Um diese Hypothesen zu untermauern, führte Dagmar Strohmeier in den letzten zwei Jahren gemeinsam mit Yuichi Toda von der Osaka University of Education Untersuchungen durch. Auf Basis eines “kulturfairen” Fragebogens entwickelten die WissenschafterInnen für zehn- bis 16-jährige SchülerInnen ein passendes Untersuchungsdesign. Das Forschungsteam befragte im Zuge der quantitativen Studie vier verschiedene Gruppen: deutschsprachige Kinder in Österreich und Deutschland, japanischsprachige Kinder in Österreich und Deutschland, Kinder mit deutscher Muttersprache in Japan und schließlich japanischsprachige Kinder in ihrer Heimat Japan.
Direkte und indirekte Aggression
Das ForscherInnenteam untersuchte direkte und indirekte Aggression, die einerseits aktiv ausgeübt und andererseits passiv erlitten wird. Auch wurde eruiert, ob Mobbing einzeln oder in der Gruppe durchgeführt wird und ob Buben und Mädchen ein unterschiedliches Aggressionsverhalten an den Tag legen.
Unerwartete Ergebnisse
Die Auswertung der Daten brachte zum Teil erstaunliche Resultate. Entgegen der Erwartungen zeigte sich auch bei den japanischen SchülerInnen ein hohes Ausmaß an direkter, offener Aggression. Wie erklärt sich die Forscherin dieses Ergebnis? Dagmar Strohmeier ortet den Grund dafür in externen Variablen: “Im Erhebungszeitraum war Gewalt an Schulen ein sehr heftig diskutiertes Thema. Es ist möglich, dass sich SchülerInnen deshalb besonders ehrlich geäußert haben.” Darüber hinaus verbringen japanische Kinder den ganzen Tag in der Schule – mehr Zeit, in der auch ein Mehr an Gewalt auftreten kann. Und schließlich ist das japanische Schulsystem sehr kompetitiv. “Wer sich gegen scheinbare KonkurrentInnen durchsetzen muss, greift möglicherweise auch öfter zum Mittel der Gewalt”, sagt Strohmeier.
Erwartungsgemäß zeigte sich bei der Befragung, dass in Japan Mobbing weniger von einzelnen Kindern als in der Gruppe ausgeübt wird. “In Österreich findet man dieses Verhalten auch, vor allem bei Buben”, präzisiert die Forscherin.
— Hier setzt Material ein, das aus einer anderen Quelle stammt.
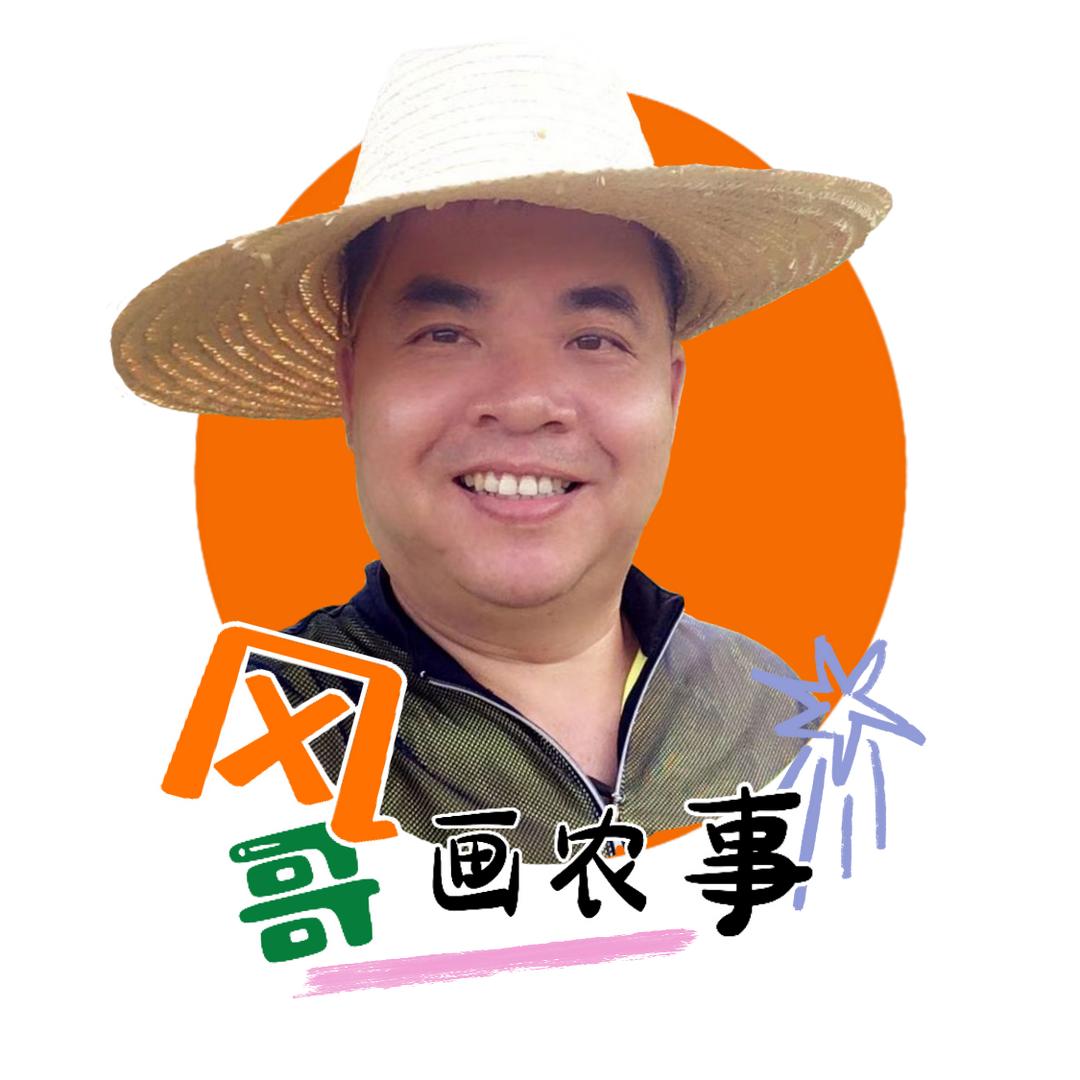 风哥画农事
Was schließlich das unterschiedliche Gewaltverhalten von Buben und Mädchen angeht, bestätigte sich die Vermutung, dass Mädchen stärker indirekte Aggression wie z.B. klassisches Mobbing ausüben.
Fazit der Psychologin: Bei kulturvergleichender Forschung gibt es viel mehr Gemeinsamkeiten als Unterschiede. “Es lohnt sich, nach Ähnlichkeiten zu suchen statt nach den Unterschieden”.